La première chose que l’on peut remarquer dans cette dualité correspond aux titres des albums, qui sont assez évocateurs : d’un côté on a "Anthronomicon", étant clairement centré sur un point de vue très humain des choses, là où "Helionomicon" représentera plus la réalité cosmique dans toute son immensité. C’est d’ailleurs identifiable à travers la structure des albums, le premier comportant huit morceaux d’environ cinq minutes chacun pouvant représenter un bon nombre de concepts et idées bien humaines toutes fourmillantes à travers des riffs puissants et rapides la plupart du temps. D’un autre côté, le second se présente avec seulement deux morceaux d’une vingtaine de minutes beaucoup plus lourds et denses représentant plutôt le cosmos d’un point de vue omniscient.
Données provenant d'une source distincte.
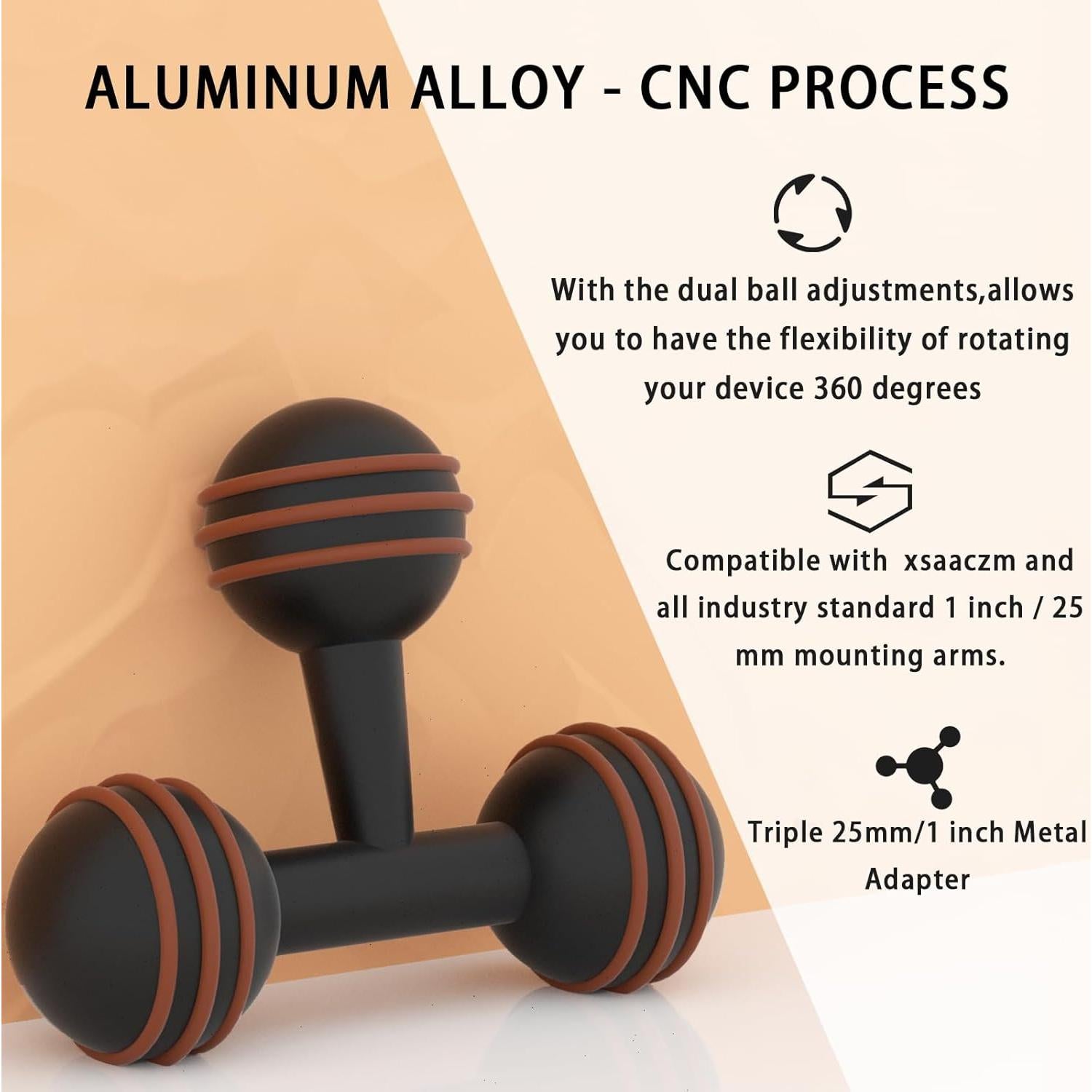 Adaptador Triple de Bola de Aluminio 25mm para Soportes RAM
Les artworks des albums suggèrent d’ailleurs quelque chose de similaire, les deux reprenant les mêmes éléments mais les orientant de façon différente. On a en effet la pochette d’"Anthronomicon" qui semble être orientée comme pour représenter un plan en contre plongée qui va suggérer un point de vue humain, se sentant largement inferieur et minuscule face l’immensité et les proportions démentes de la scène à laquelle il a affaire. D’un autre côté, sur "Helionomicon", cette même scène semble être perçue depuis un point de vue beaucoup plus neutre, comme placée au centre avec une vision beaucoup plus globale dans laquelle les entités et les édifices paraissent tout aussi imposants mais beaucoup moins dominants. La combinaison des deux artworkq forme un tout cohérent qui est en fait une seule œuvre mais même lorsqu’on la contemple de cette façon, il est toujours possible de constater cette dissonance au sein de l’image.
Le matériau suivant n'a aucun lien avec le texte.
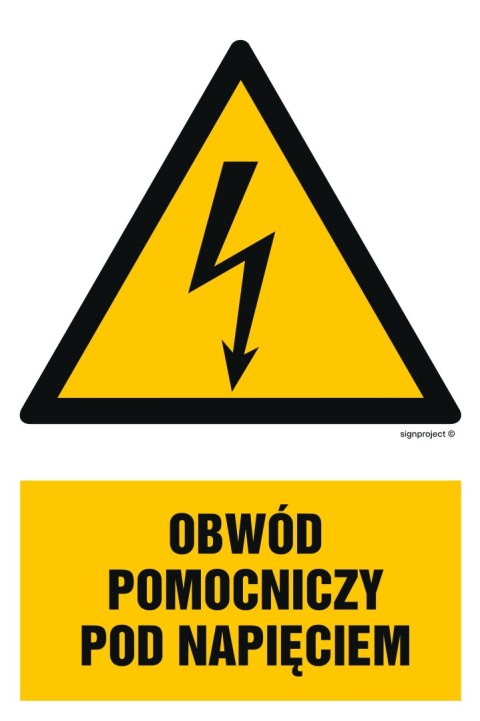 Znak HA010 Obwód pomocniczy pod napięciem, 700x1050 mm, FN - Folia samoprzylepna Znak HA010 Obwód pomocniczy pod napięciem, 700x1050 mm, FN - Folia samoprzylepna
Mais assez divagué autour des concepts de l’album, il est temps de passer à la musique en elle-même. S’il est bien évidemment impossible de dissocier les deux albums, il est tout de même important de les écouter comme deux œuvres distinctes l’une de l’autre afin de mieux cerner ce qui les rassemble et les différencie.
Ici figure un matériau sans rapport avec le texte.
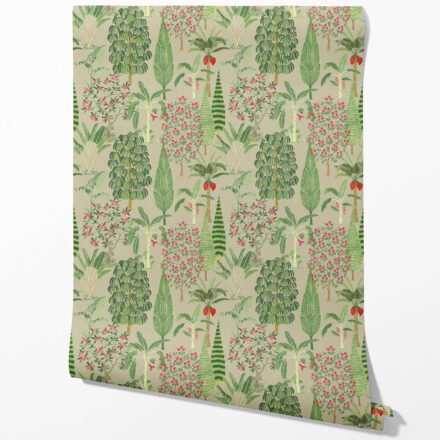 'Mazus' Tropical Floral/ Botanical Wallpaper (Green/ Pink/ Red) - Image 2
Tout d’abord on a "Anthronomicon", album qui va nous proposer tout un panel de morceaux et va justement aller jouer sur ce domaine de l’immensité et du surnombre pour nous submerger d’informations en termes de compositions et d’ambiances afin de nous immerger le plus possible dans le chaos. Cela va tout d’abord se traduire par la présence de plusieurs types de chants. On aura en effet d’une part un chant cassé et éraillé et un autre qui sera plus sur des tonalités lourdes et caverneuses, cette diversité pouvant servir un bestiaire varié mais toujours menaçant et imposant.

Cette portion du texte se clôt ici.